想象一个包含以下列的简单表:
item_id, date
和值:
CREATE TABLE foo (item_id int, date date);
INSERT INTO foo(item_id, date)
VALUES
( 1, '2017-02-10' ),
( 2, '2017-02-10' ),
( 1, '2017-02-11' ),
( 1, '2017-02-12' ),
( 1, '2017-02-13' ),
( 2, '2017-02-13' ),
( 1, '2017-02-14' );
如何选择item_id表中连续7天记录的s?
开始和结束日期未知。它应该从任何开始日期到之后的连续 7 天都可用。
MySQL 8 提供了窗口函数...
SELECT item_id
FROM (
SELECT
item_id,
date,
count(coalesce(diff, 1)=1 OR null) OVER (PARTITION BY item_id ORDER BY date) seq
FROM (
SELECT
item_id,
date,
date - lag(date) OVER (PARTITION BY item_id ORDER BY date) AS diff
FROM foo
) AS t
) AS t2
GROUP BY item_id
HAVING max(seq) > 7;
这就是我们在内部所做的事情。
SELECT
item_id,
date,
date - lag(date) OVER (PARTITION BY item_id ORDER BY date) AS diff
FROM foo
item_id | date | diff
---------+------------+------
1 | 2017-02-10 |
1 | 2017-02-11 | 1
1 | 2017-02-12 | 1
1 | 2017-02-13 | 1
1 | 2017-02-14 | 1
2 | 2017-02-10 |
2 | 2017-02-13 | 3
(7 rows)
在这里,我们返回差异。
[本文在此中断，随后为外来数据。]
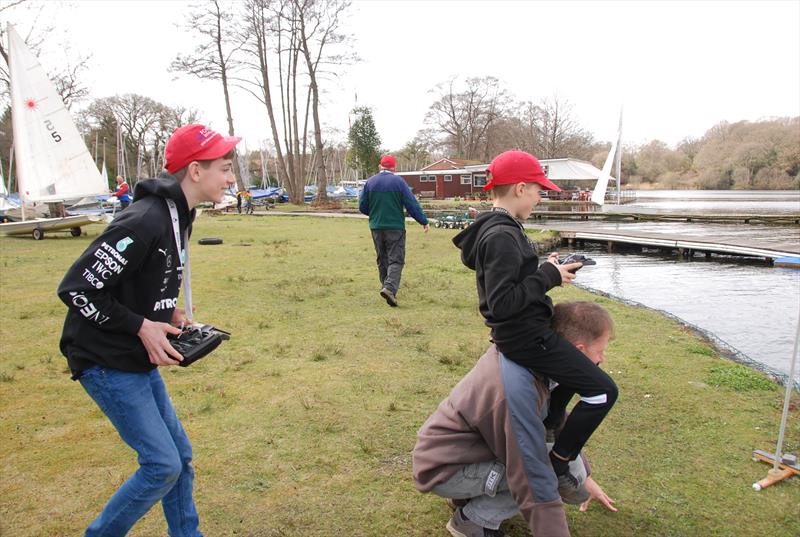 All Stollery eyes on a close finish on the line during the 2022 Footy Nationals & Videlo Globe at Frensham photo copyright Roger Stollery taken at Frensham Pond Sailing Club and featuring the Footy class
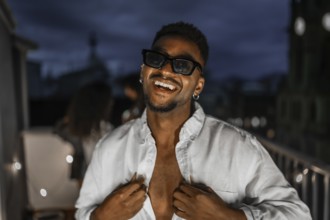 Latin brunette sensual man in sunglasses dancing during night party in a rooftop with multi-ethnic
我们现在需要做的是隔离日期差为 1 的那些。我们在这里假设如果差异的结果为空,那是因为没有要减去的前一个日期,所以我们将其设置为 1。然后我们如果我们没有 1,我们将值设置为null因此count()跳过它。
SELECT
item_id,
date,
count(coalesce(diff, 1)=1 OR null) OVER (PARTITION BY item_id ORDER BY date) seq
FROM (
SELECT
item_id,
date,
date - lag(date) OVER (PARTITION BY item_id ORDER BY date) AS diff
FROM foo
) AS t;
item_id | date | seq
---------+------------+-----
1 | 2017-02-10 | 1
1 | 2017-02-11 | 2
1 | 2017-02-12 | 3
1 | 2017-02-13 | 4
1 | 2017-02-14 | 5
2 | 2017-02-10 | 1
2 | 2017-02-13 | 1
(7 rows)
从这一点来看,它只是一个GROUP BYand HAVING。
这在 PostgreSQL 中进行了测试,因为 MySQL 8 尚未发布。如果您还没有使用过PostgreSQL,请免费下载并查看。它就像 MySQL,但在各个方面都更好。